**WHAT IS NEEDED**
Find the line containing "4921 Nina Lee", then return it and every line after it through the end of the records, exactly. Leave out pictures.

(Captioned web images)
★ ★ ★ ★
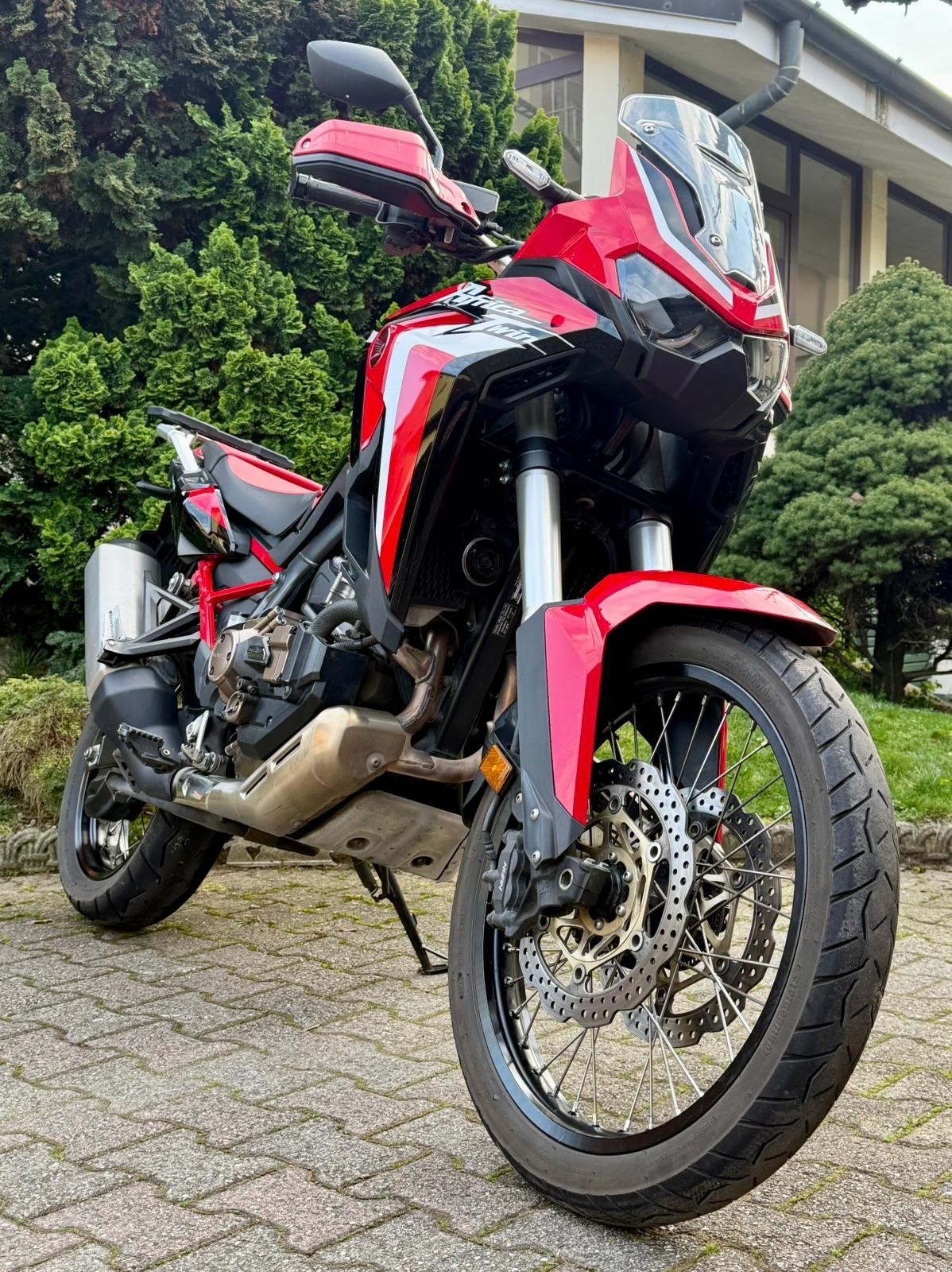 Africa Twin 1100 DCT ABS foto 2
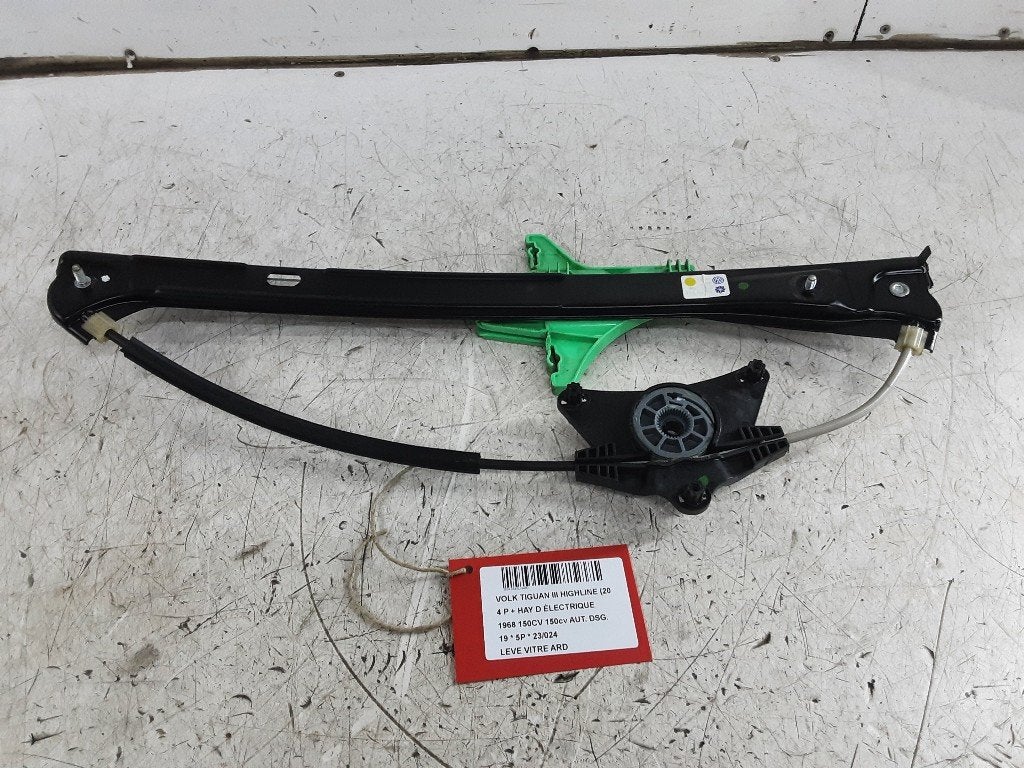 MECANISME VITRE ARRIÈRE DROIT Tiguan (AD1) (5NA839462C), Volkswagen, Mevr. I. Hauben, Utilisé, Rue de l'Espoir 34 34
4030  GRIVEGNÉE, BE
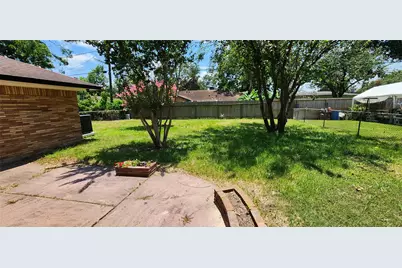 4921 Nina Lee Lane, Houston, TX 77092 - Photo 28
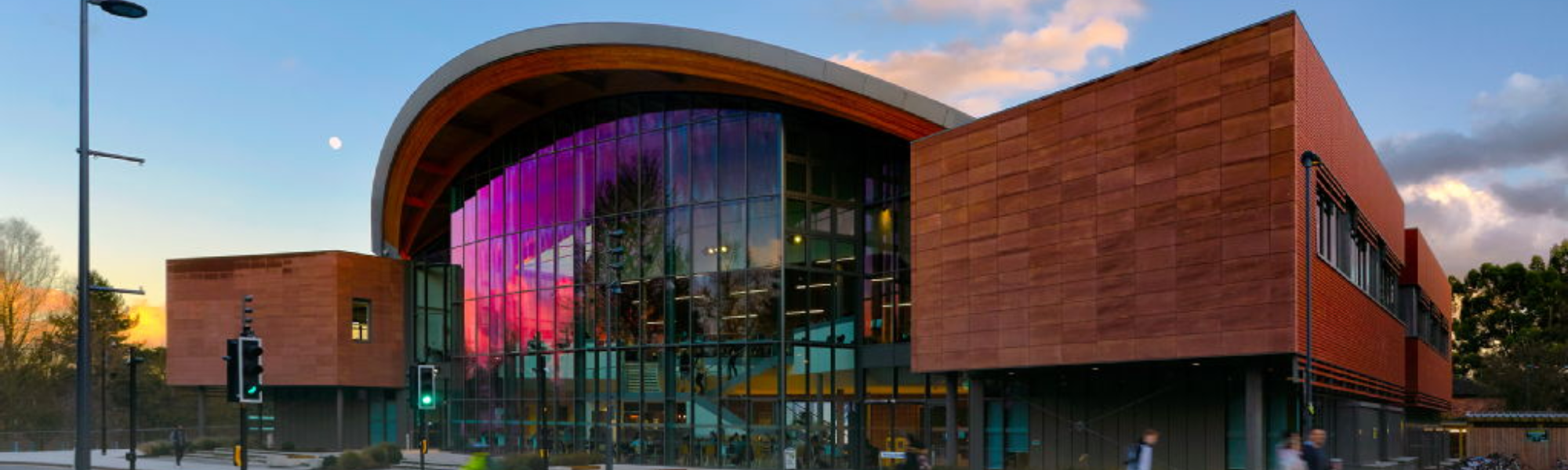 Can I use an alternative gown supplier for Warwick University?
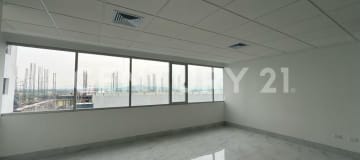 Oficinas en Titanium 2 Samborondón desde $136.001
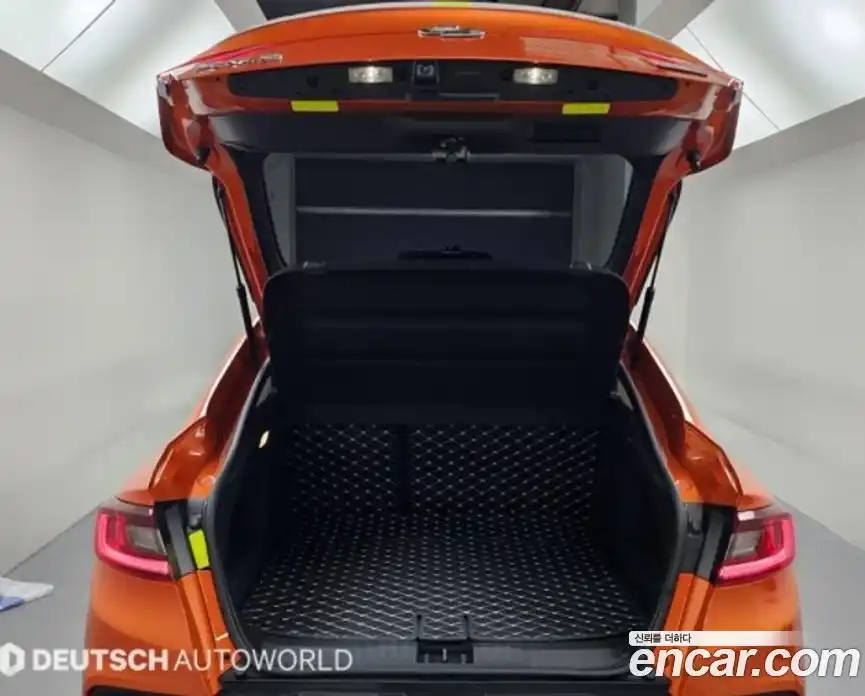 Renault XM3 2023 1.6 Автомат в Москве № 520838, фото 20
★ ★ ★ ★
**EXPECTED OUTPUT**
 4921 Nina Lee Lane, Houston, TX 77092 - Photo 28
 Can I use an alternative gown supplier for Warwick University?
 Oficinas en Titanium 2 Samborondón desde $136.001
 Renault XM3 2023 1.6 Автомат в Москве № 520838, фото 20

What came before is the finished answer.